• Exercise:
A faithful copy of every entry, with the pictures removed, is what is needed here.

** Record set follows **

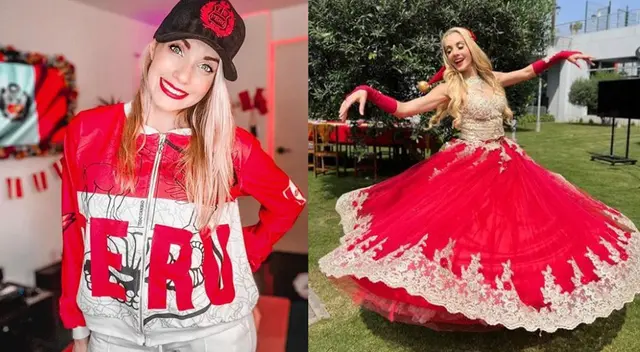 Brenda Carvalho realiza diferentes shows para eventos durante todo el año. Brenda Carvalho realiza diferentes shows para eventos durante todo el año.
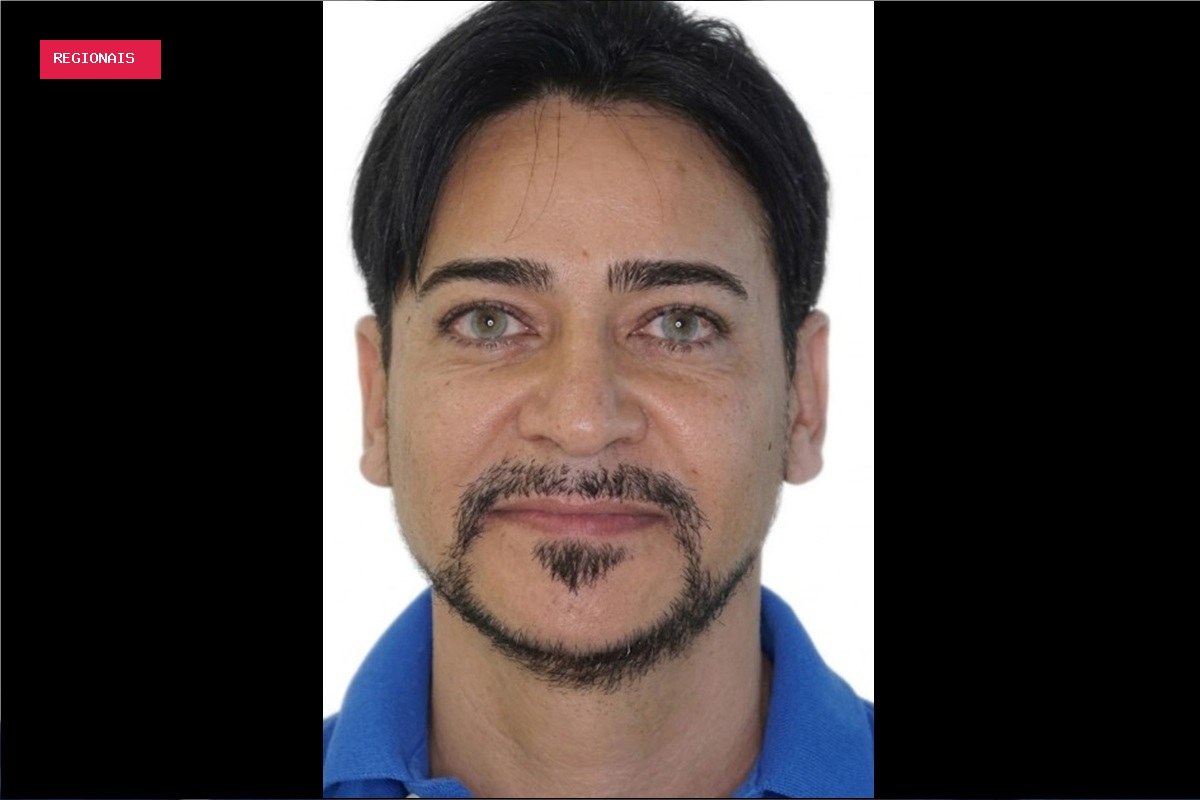 Irmãos que lucraram milhões desviando remédios contra o câncer são presos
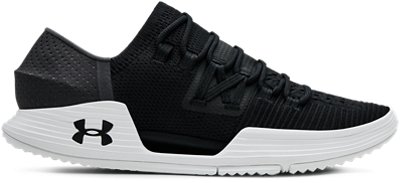 under armour amp 3.0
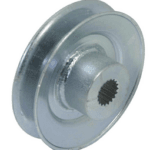 JERMENICA ZA TRAKTORSKO KOSILNICO CASTELGARDEN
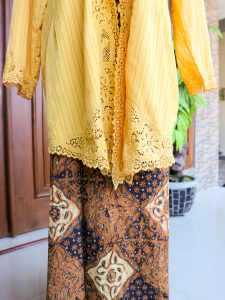 Jual Batik Tulis Bengkulu WA 0821-3758-6866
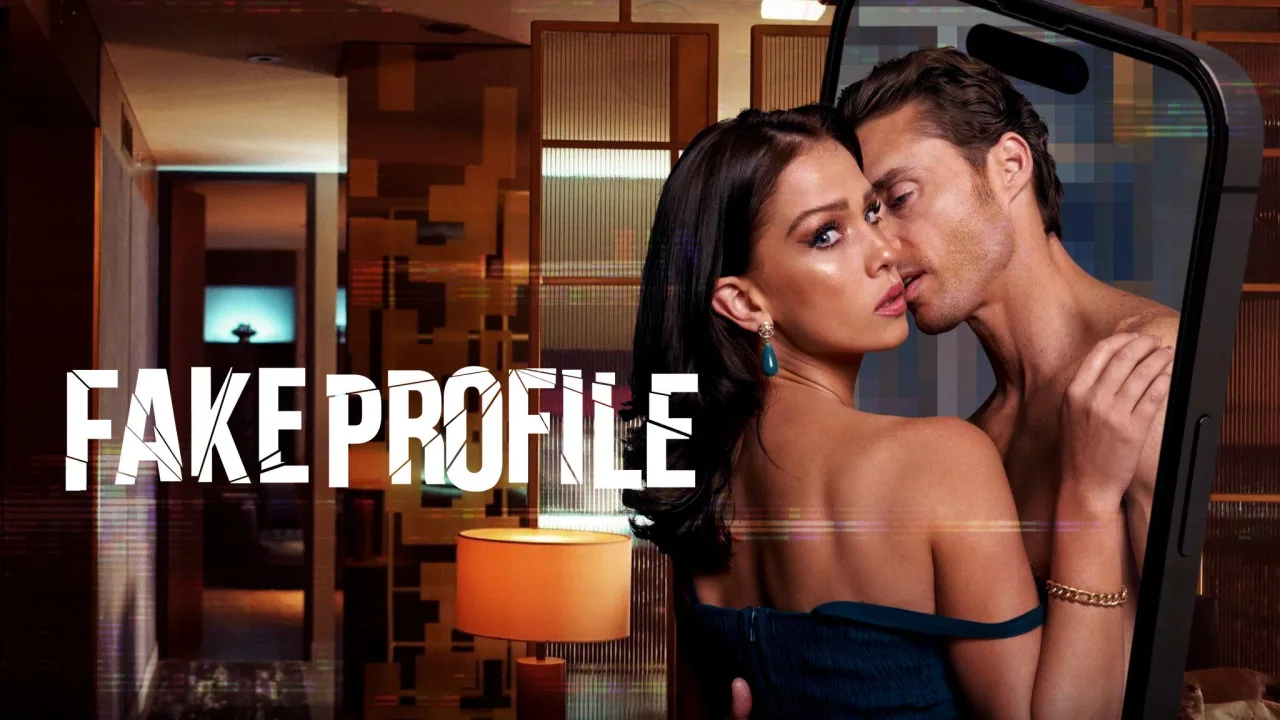 Sahte Profil İndir - görsel 9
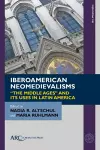 Iberoamerican Neomedievalisms cover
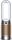 Воздухоочиститель Dyson HP09 (369020-01)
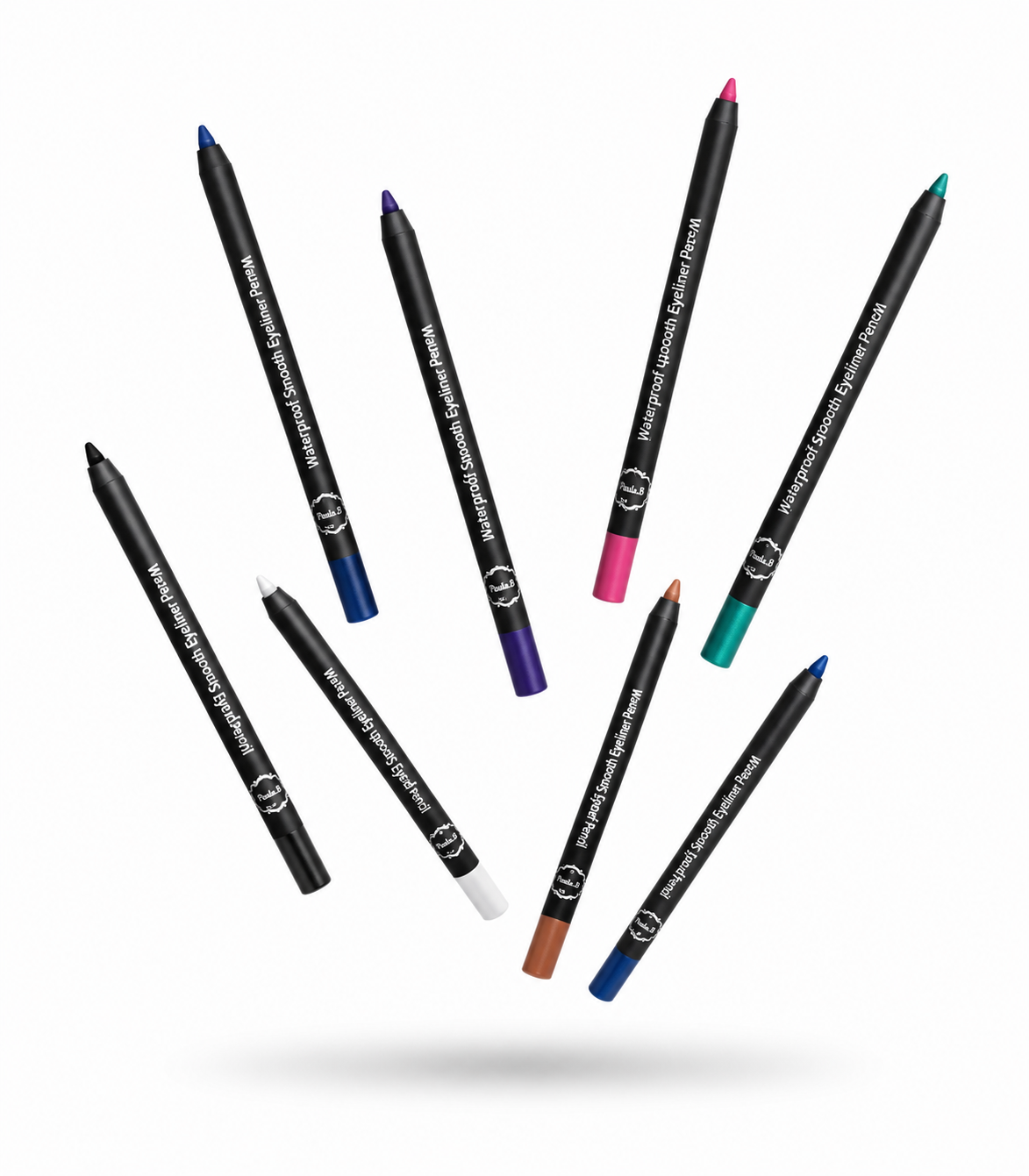 ChatGPT Image Jun 23, 2026, 04_18_23 PM Paula beauty smooth eyeliner pencil - Image 1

** End of Record set **

• Expected answer:
 Brenda Carvalho realiza diferentes shows para eventos durante todo el año. Brenda Carvalho realiza diferentes shows para eventos durante todo el año.
 Irmãos que lucraram milhões desviando remédios contra o câncer são presos
 under armour amp 3.0
 JERMENICA ZA TRAKTORSKO KOSILNICO CASTELGARDEN
 Jual Batik Tulis Bengkulu WA 0821-3758-6866
 Sahte Profil İndir - görsel 9
 Iberoamerican Neomedievalisms cover
 Воздухоочиститель Dyson HP09 (369020-01)
 ChatGPT Image Jun 23, 2026, 04_18_23 PM Paula beauty smooth eyeliner pencil - Image 1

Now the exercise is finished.